Cruzeirenses também sofrem precocemente
(Foto: Cahê Mota / Globoesporte.com)
(Foto: Cahê Mota / Globoesporte.com)
- A mídia mostra que a remuneração, tudo que envolve o futebol, resolve a vida das pessoas. Mas isso é uma ilusão. Se pegarmos os dados, dos meninos que começam a jogar futebol com 13, 14, 15 anos, menos de 10% chegam ao profissionalismo. Desses, é baixíssimo o percentual de quem fica bem financeiramente. É algo ilusório. E jogamos limpo com eles.
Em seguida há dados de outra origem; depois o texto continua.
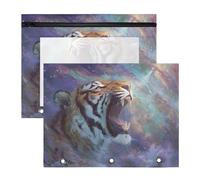 Pencil Pouch for 3 Ring Binder Pencil Case Clear Window Top Pencil Bag Big Capacity for Office School 2 Pack Roaring Tiger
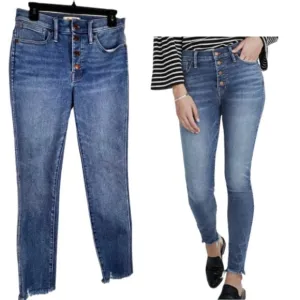 MADEWELL 10&quot; Button Front High Rise Frayed Hem Skinny Jean Size 6/28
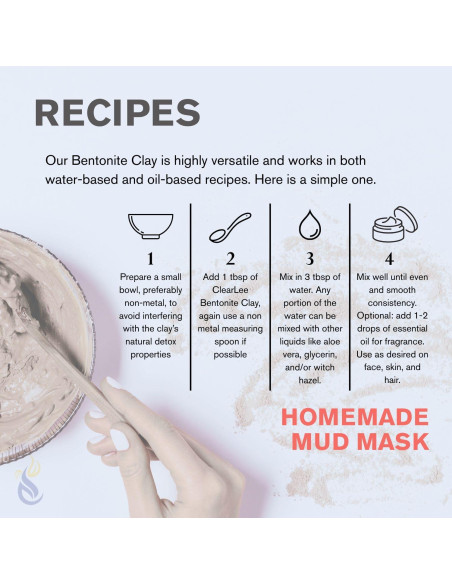 Polvo de Arcilla Bentonita ClearLee 226.8 g - Grado Cosmético Puro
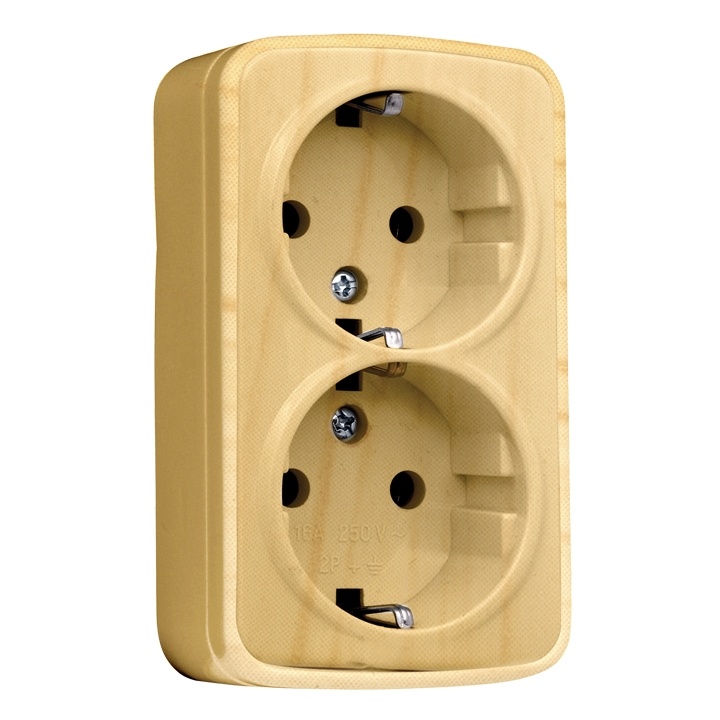 "Минск" Розетка 2-местная ОП 16А с заземлением светлое дерево EKF фото 1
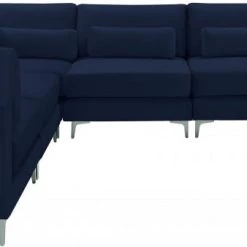 Meridian Furniture Julia 6 Piece Velvet Modular Sectional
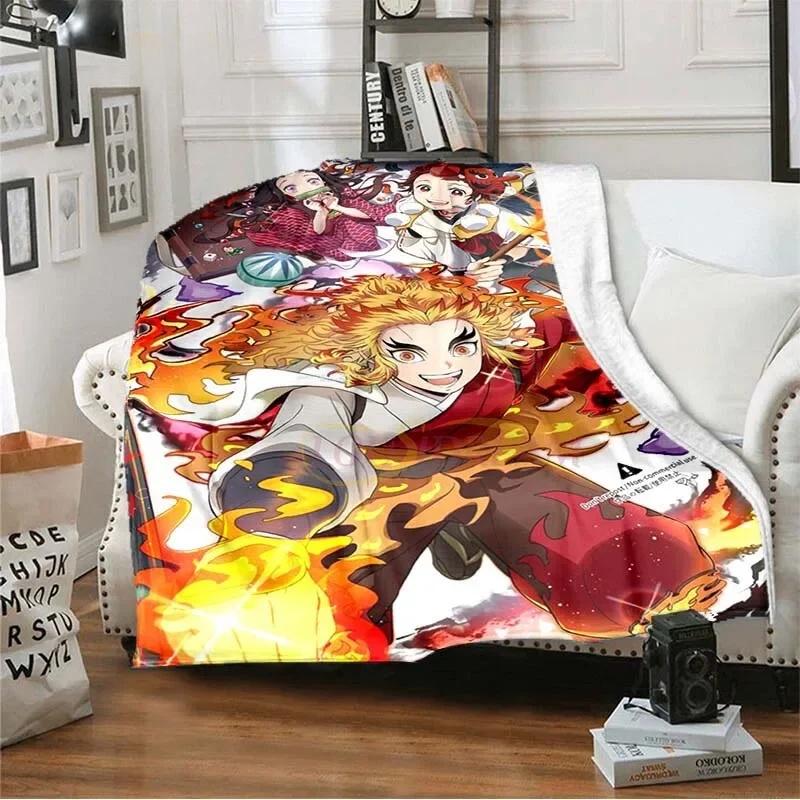 Demon Slayer Anime Flannel Blanket All Season Double-Sided Printed Throw, Soft Warm Fashion Nap Blanket For Home 75X100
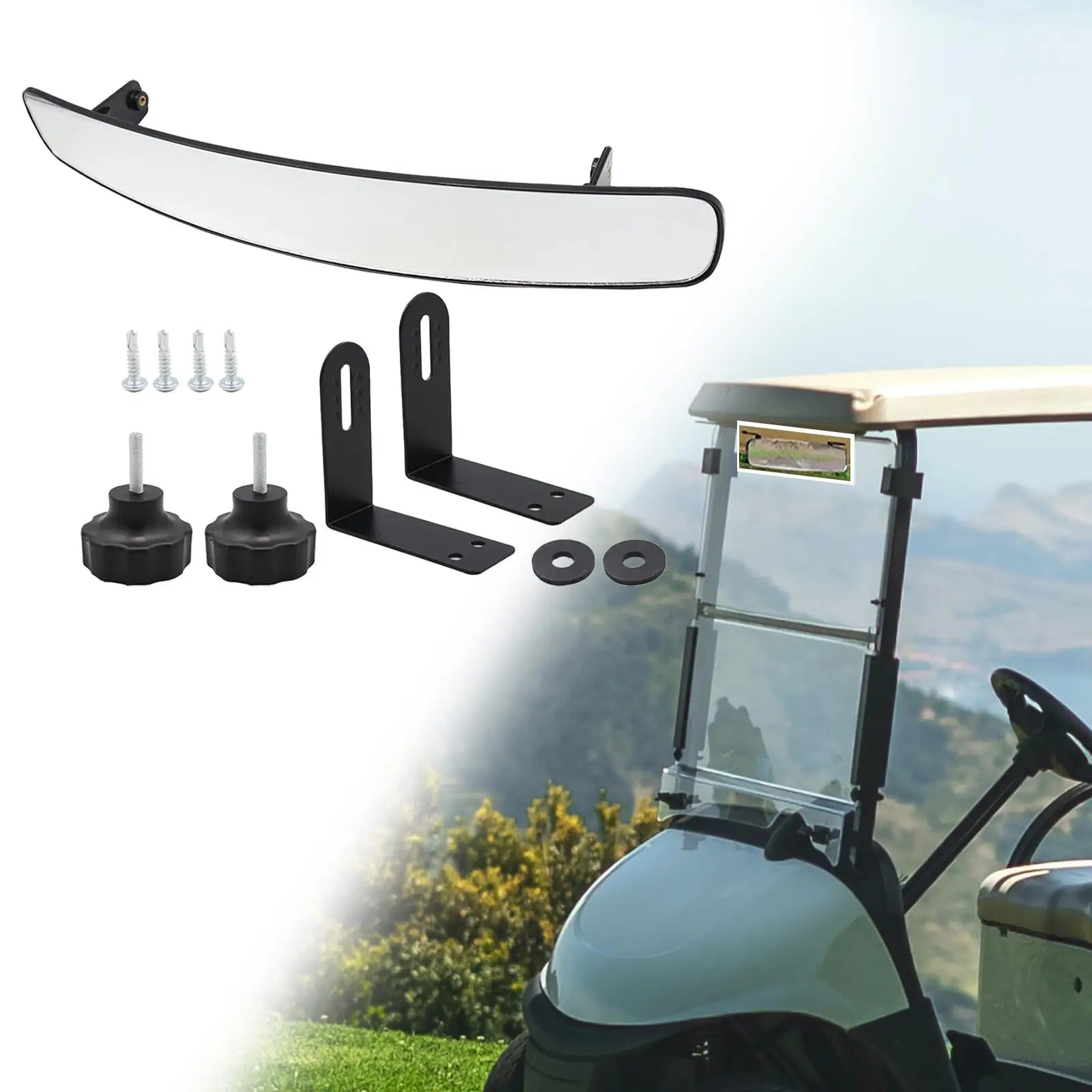 Golf Cart Rear View Mirror Spare Parts Durable Repair Parts Interior Trims Replacement Accessory Central Mirror for Yamaha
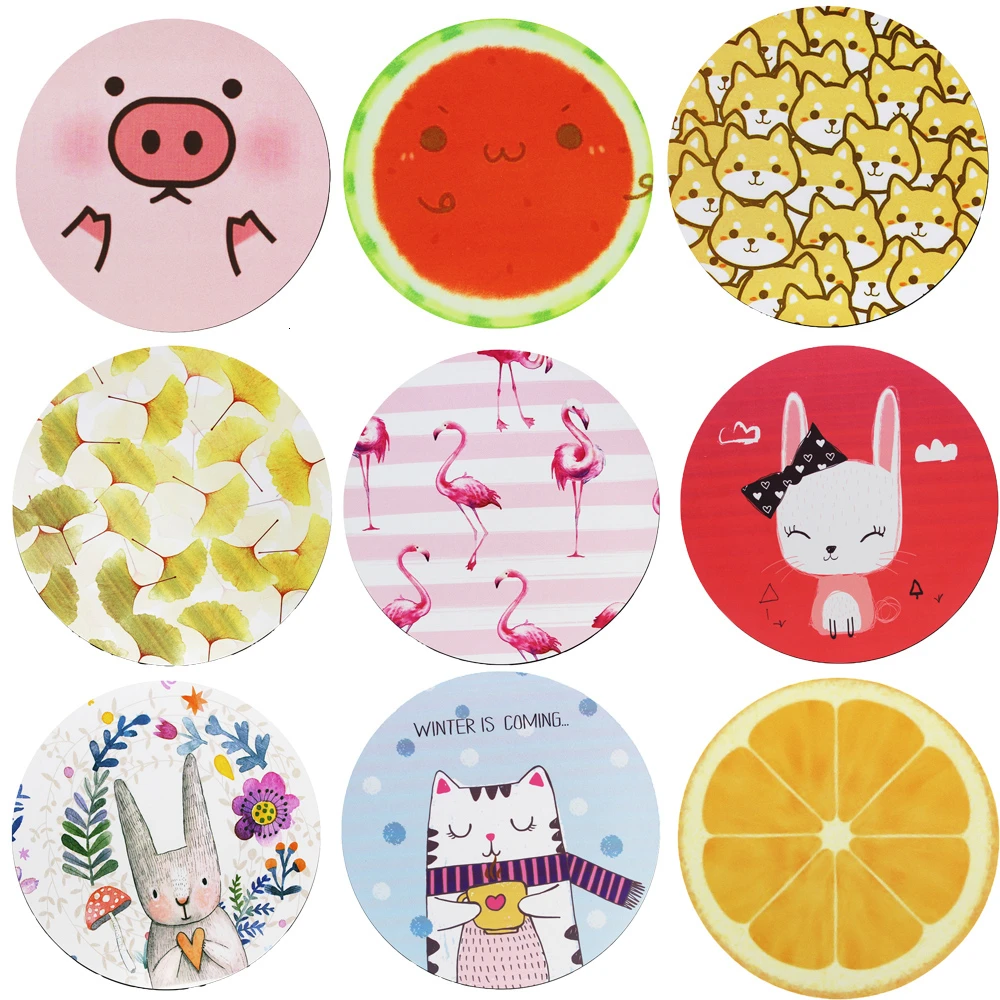 Милый круглый коврик для мыши CHYI с мультяшным котом/кроликом/свиньей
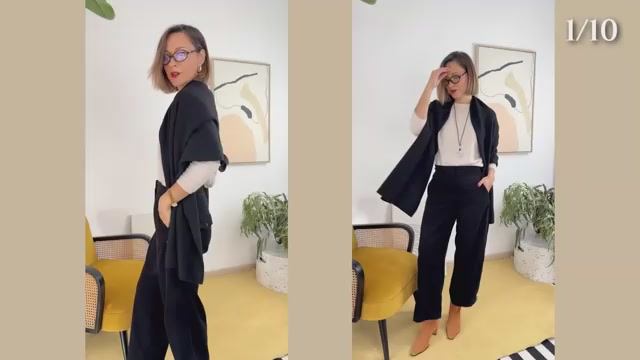 Одни черные брюки - десять образов на любой день.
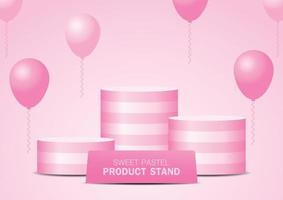 pink striped pattern circle podium set with balloons and signboard on sweet pastel background 3d illustration vector for putting your cute object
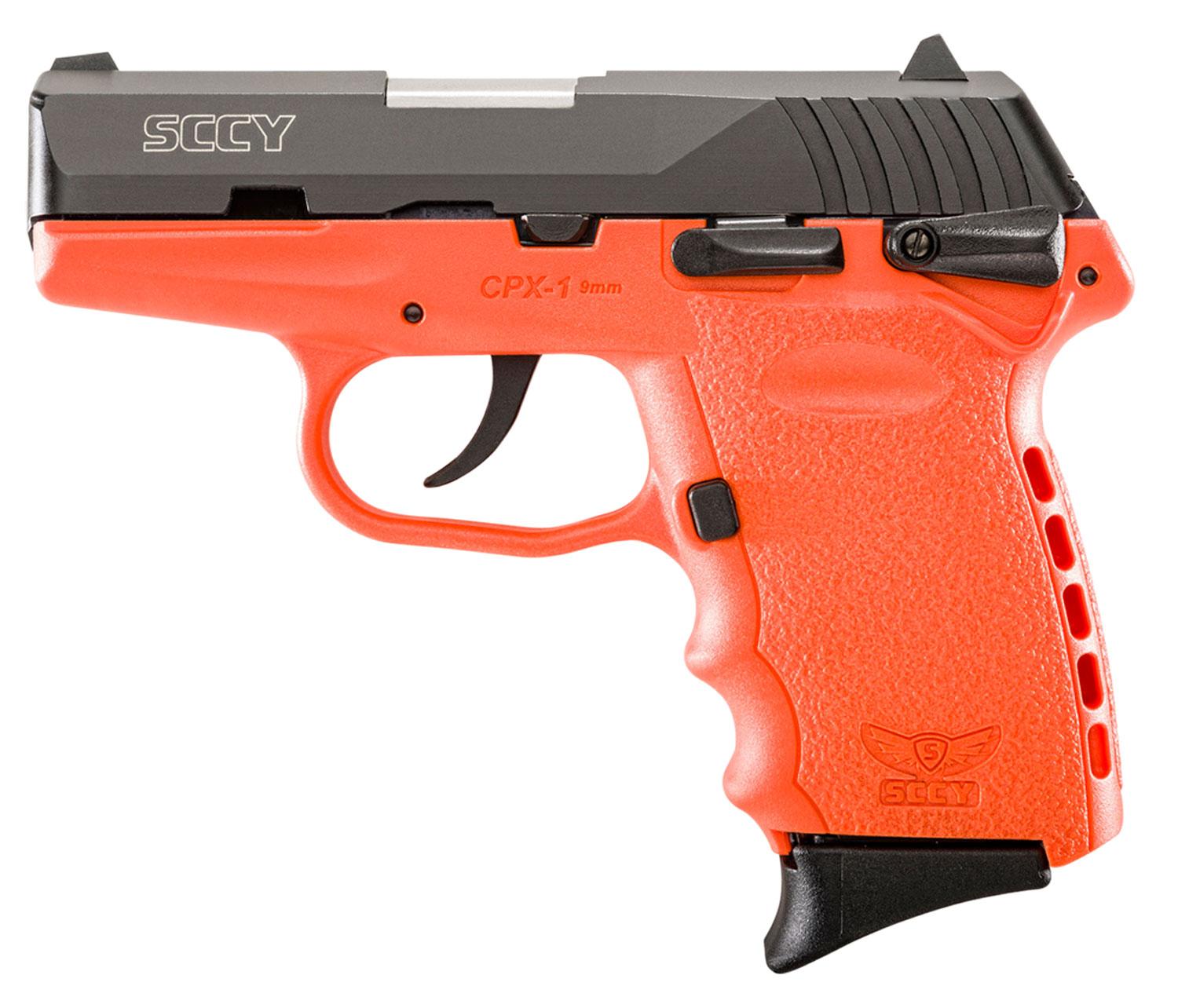 SCCY Industries CPX-1 Pistol CPX1CBOR, 9mm, 3.1", Orange Polymer Grip/Frame, Orange Finish, 10 Rds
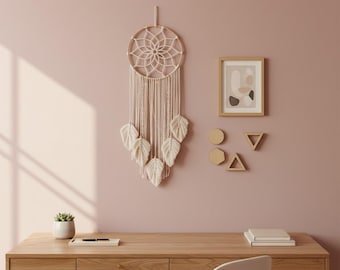Handmade Macrame Dream Catcher, Bohemian Leaf Wall Decor, Nordic Tapestry Hanging, Rustic Home Accent, Bedroom  Decoration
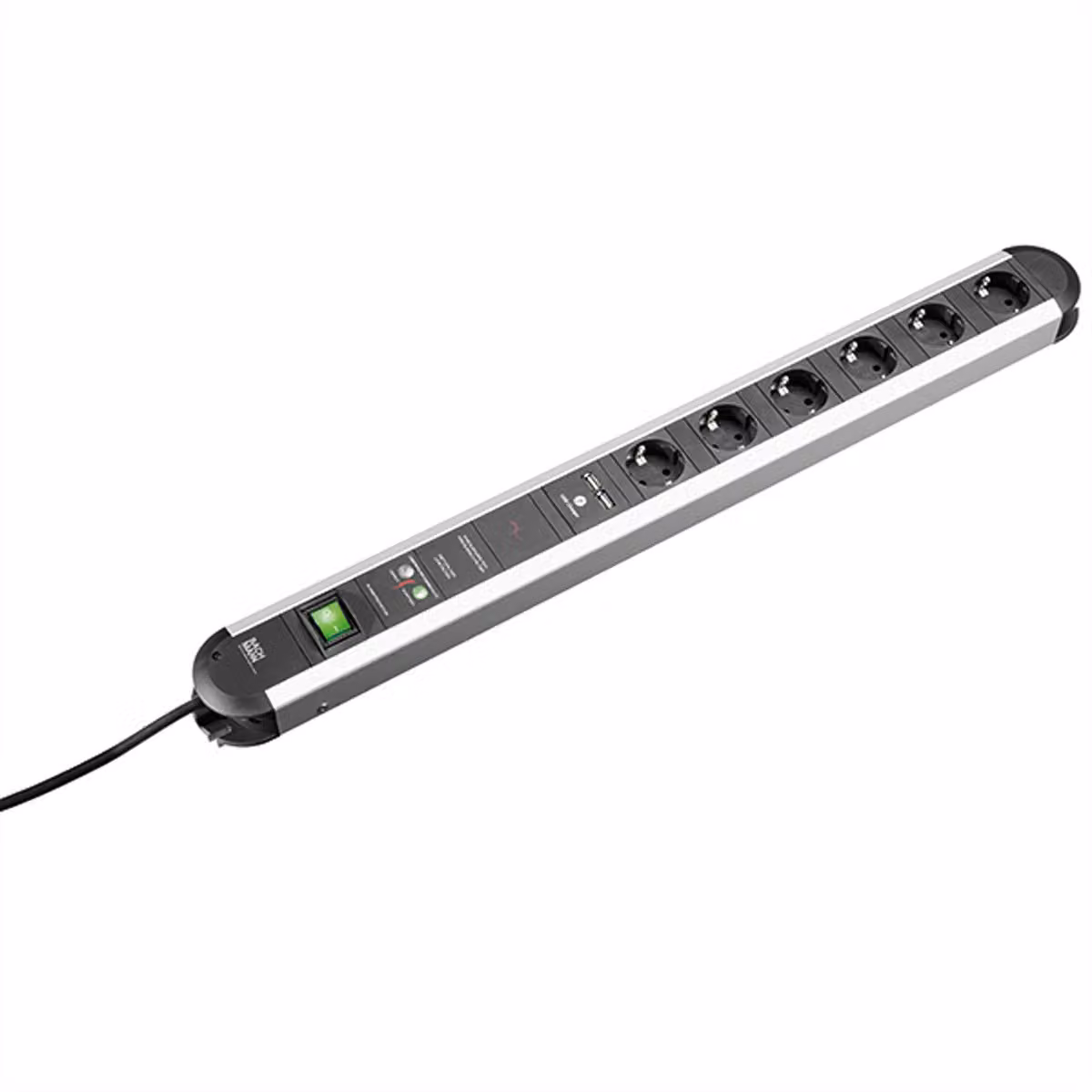 BACHMANN PRIMO Steckdosenleiste 6x Schutzkontakt, Gerätevollschutz, Schalter, USB-Charger, 1,75 m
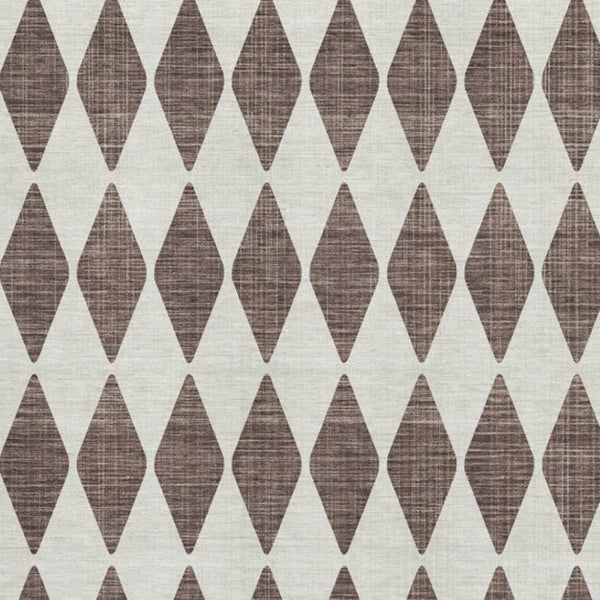HomeRoots 9' X 12' Brown and Ivory Diamond Area Rug - Washable, UV Protected, Stain Resistant for Busy Homes 650037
Não dá para dizer: “Você vai ser um craque”. Por isso, cobramos estudo e inserção na sociedade como cidadão de bem.
Para evitar que o foco não fique somente no futebol e no alto rendimento, virou moda entre os clubes também determinar parte do dia para a realização de atividades lúdicas. No São Paulo, por exemplo, os atletas tinham diariamente tempo livre para empinar pipas. O objetivo? Fazer com que, mesmo que por pouco tempo, vivam a liberdade de qualquer amigo da mesma idade. Vivam o que são: adolescentes e não ainda jogadores.